## Data segment
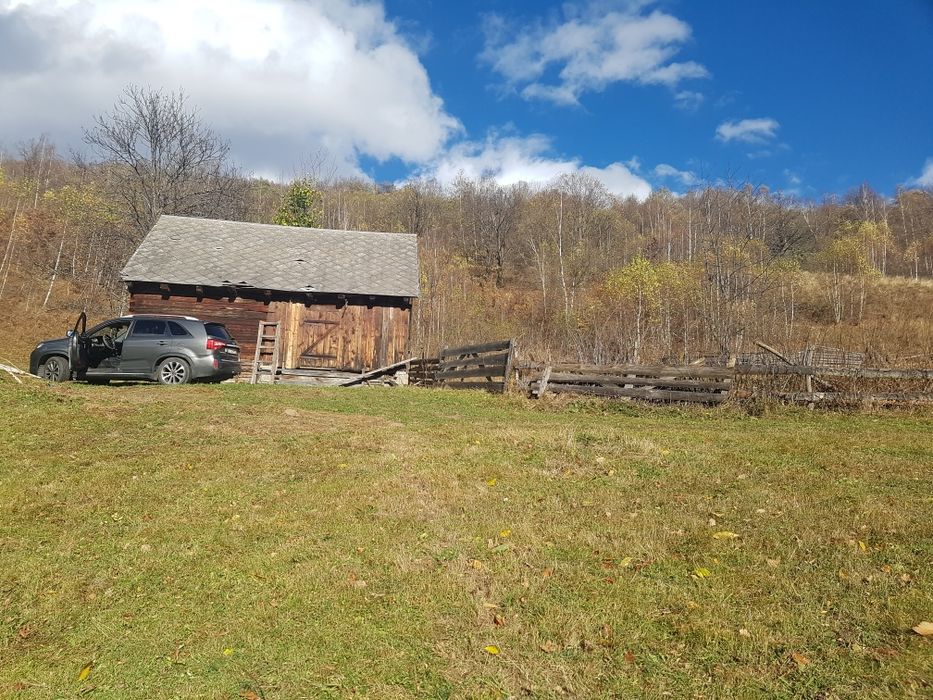 Teren intravilan casa,cabaneValea Ierii, sat Plopi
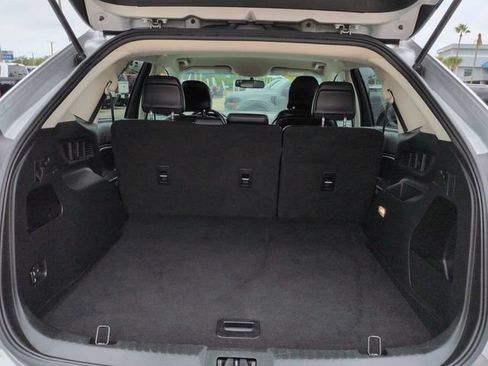 Certified 2018 Ford Edge SEL w/ Equipment Group 201A FWD image 13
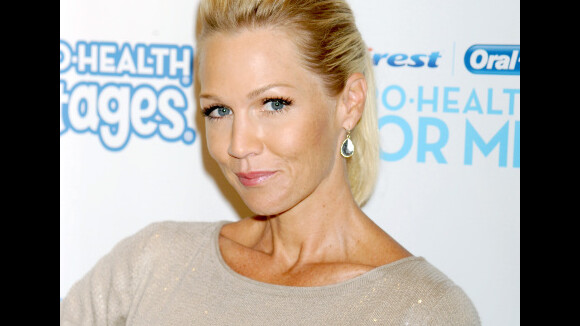 Jennie Garth, superbe, pour son premier rendez-vous amoureux depuis son divorce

## Exercise prompt
Exactly as written, return every line of the listing, but not the pictures.

## Response area
 Teren intravilan casa,cabaneValea Ierii, sat Plopi
 Certified 2018 Ford Edge SEL w/ Equipment Group 201A FWD image 13
 Jennie Garth, superbe, pour son premier rendez-vous amoureux depuis son divorce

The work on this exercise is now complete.